**PROBLEM:** Set down the records once more, please, exactly and with the pictures left out.

**STORED DATA:**
::::::::

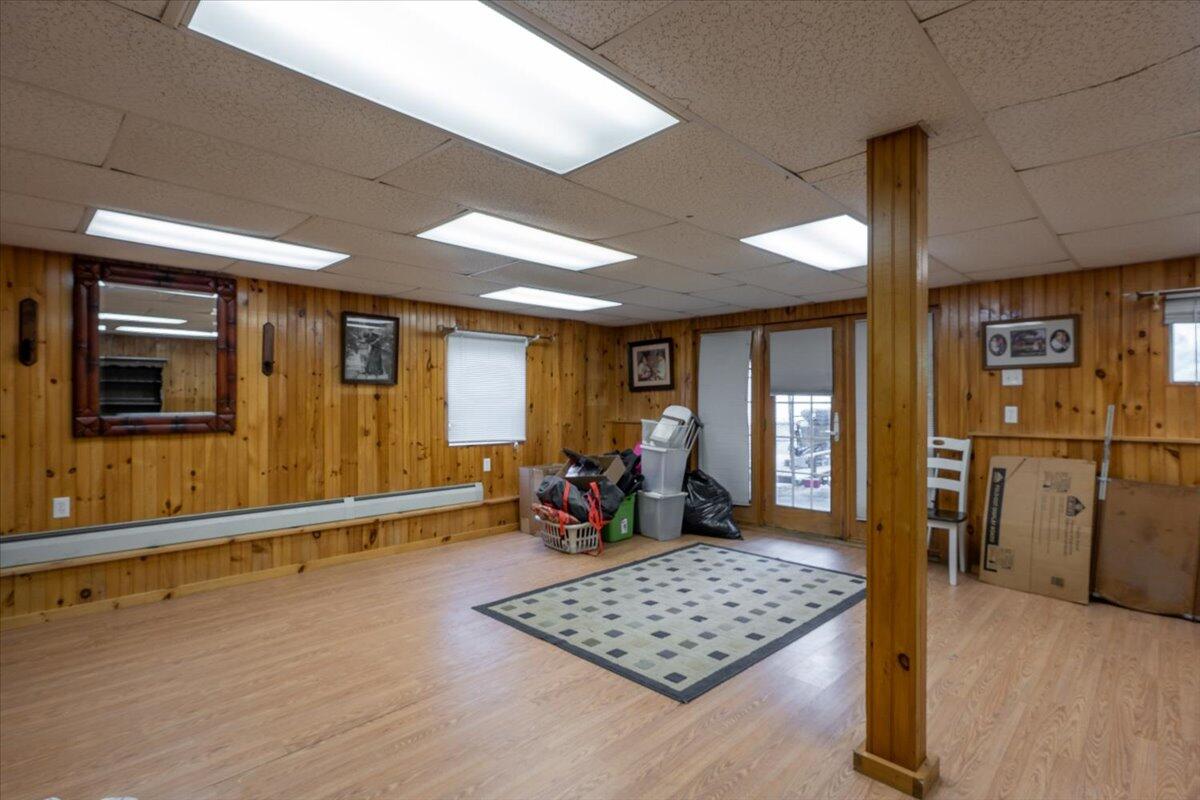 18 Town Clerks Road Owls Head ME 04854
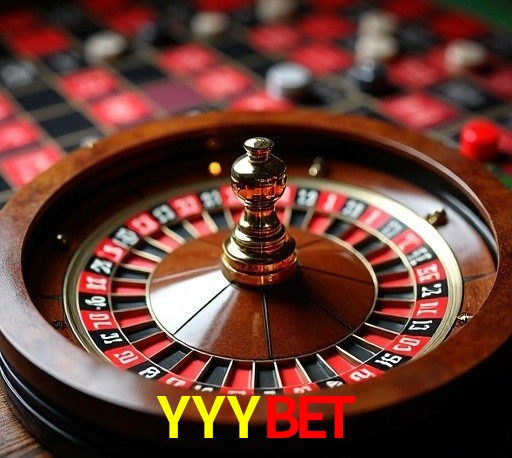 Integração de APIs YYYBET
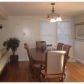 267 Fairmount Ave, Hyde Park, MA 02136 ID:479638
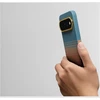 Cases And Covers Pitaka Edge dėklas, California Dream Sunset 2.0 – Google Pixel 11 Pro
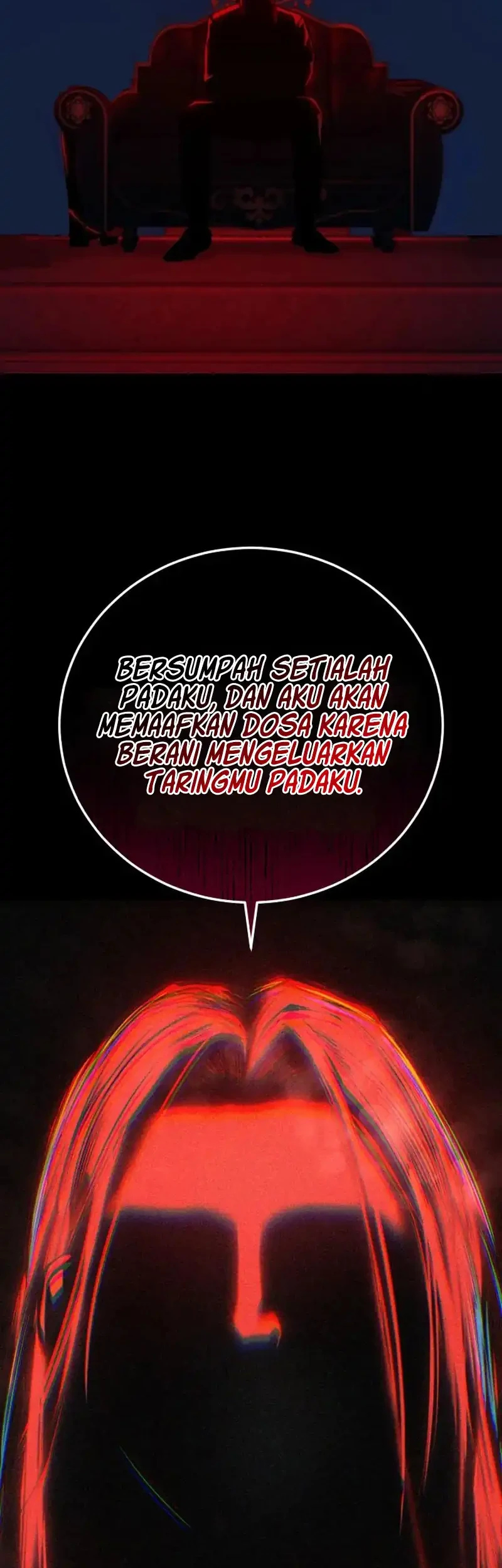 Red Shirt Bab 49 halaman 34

::::::::

**SOLUTION FOR THIS EXERCISE:**
 18 Town Clerks Road Owls Head ME 04854
 Integração de APIs YYYBET
 267 Fairmount Ave, Hyde Park, MA 02136 ID:479638
 Cases And Covers Pitaka Edge dėklas, California Dream Sunset 2.0 – Google Pixel 11 Pro
 Red Shirt Bab 49 halaman 34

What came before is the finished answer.